Private school head pledges not to speak with media on results day

The head of Wellington College has said he will not speak to the press on GCSE results day, claiming newspapers do not give context to results.

The independent school will, from this summer, no longer actively provide information on its results for league tables produced by newspapers in the immediate aftermath of the August results.

Speaking exclusively to Schools Week, master of Wellington College, Julian Thomas (pictured) said: “Pulling out of the league tables makes no difference to how we are approaching education.

“But it does, perhaps, make clear we have principles we wish to stick to. And unless a league table gives a sense of context and gives an understanding of how every individual has been educated then they will always be used to draw incorrect comparisons.

“I’m a mathematician so I am always interested to see how people use statistics to create a story. Basically every single year, what comes out doesn’t illustrate the true situation.”

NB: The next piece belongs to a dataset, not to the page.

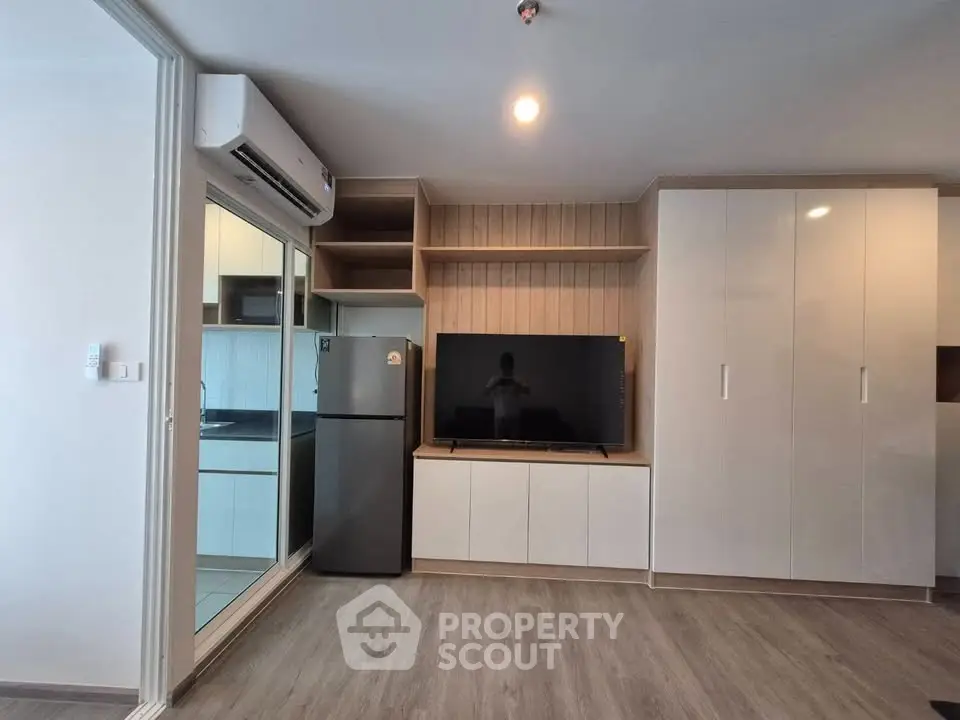 Modern living room with sleek cabinetry and integrated kitchen appliances in a stylish apartment.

Instead, he said results would be no more than “one click away” from the school’s homepage. “A reporter could easily decide to include us in the league tables and there is nothing we can do about it.”

By contrast, Mr Thomas said he supported league tables, such as those produced by Schools Week that look at how well schools are serving disadvantaged pupils, as long as they gave context.

He conceded it was easier for independent schools to make this move, compared to their counterparts in the state sector.

Mr Thomas said: “I think it is time for everybody to reassess what really matters in education. I am not against the wide sharing of information, I think that’s really important.”

Warwick Mansell, a freelance journalist, said: “I suspect newspaper league tables published in the summer don’t have anything like the influence on Wellington as results do that put pressure in state schools through, for example, Ofsted inspections and school closure threats.

“But the results-are-everything culture has been a very negative feature of English education for the past 20 years or so, so he is right to speak out.

“Schools have to be given the ability to try to get away from a focus on performance indicators as ends in themselves.”

Mr Thomas said the decision had not been made in fear of being at the bottom of tables, as he expected Wellington’s results would continue to rise.

The school will still provide a full set of data to the Department for Education for publication in the annual performance tables, released in January.